Cattle & Ranch Report
CME announced yesterday that daily trading limits will in increase on June 1 from $6.50 to $7.25 (10.75 expanded) in Fats and from $8.25 to $9.25 ($13.75 expanded) in Feeders.
Live Cattle:
Cash trade this week is still developing with $230 trading in Iowa ($362 dressed), $226 in Kansas and $219 in Texas. Choice boxes yesterday were up 1.38 @ 360.97 and up .67 on Select @ 348.95. With spot futures trading significantly under cash and a short time left to converge, I see little reason for futures to sell off in the June fats. Strong cash, boxes and demand all point to this market being supported on the front end. On Feed report days used to be risk off, but no real signs of that yet in today’s session. I agree with Swift that long put options are a good way to hedge here while leaving your top side open. Choose strike prices that reflect your willingness to assume risk- higher strikes cost more but have a better chance of printing. This is a trade recommendation. Today’s On Feed Report will be released at 2pm CST and is expected to show On Feed- 98.5, Placed- 96.8 and Marketed 96.7. The Commitment of Traders report will be released at 2pm as well and will show positioning as of Tuesday’s close. Yesterday’s weekly export sales were 12,300 MT, down 16% from the previous week but up 8% from the 4-week average.
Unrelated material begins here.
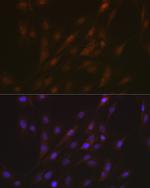 PYCARD Antibody in Immunocytochemistry (ICC/IF)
Open interest continues to increase.
Feeder Cattle:
The discount in the back months of the fat board provides less opportunity to sell into compared to feeders where the November board is only $5 below August which is now spot month. Yesterday’s index reading was 295.69 down 1.95 and today’s will be 295.46, down .23. The index is pausing here and sentiment among producers appears to be changing. Last week’s selloff caught a lot of attention and many are eyeing that gap from May 15th at 300.80 Aug. Gaps don’t have to be filled but often are and given the supportive basis structure of the fat board, it could happen. That being said, I don’t think this is a place to be complacent in making marketing decisions. Said differently, I think long put options are a great way to place a floor under cattle that leaves your top side open and limits risk. We are at levels that even a 5% correction in the coming months will more than offset premiums paid. That would be $15 pullback in Aug Feeders. $300 Aug puts are currently trading around $9. If we get that pullback we can always sell a lower strike and leg into a bear put spread if desired. This is a trade recommendation.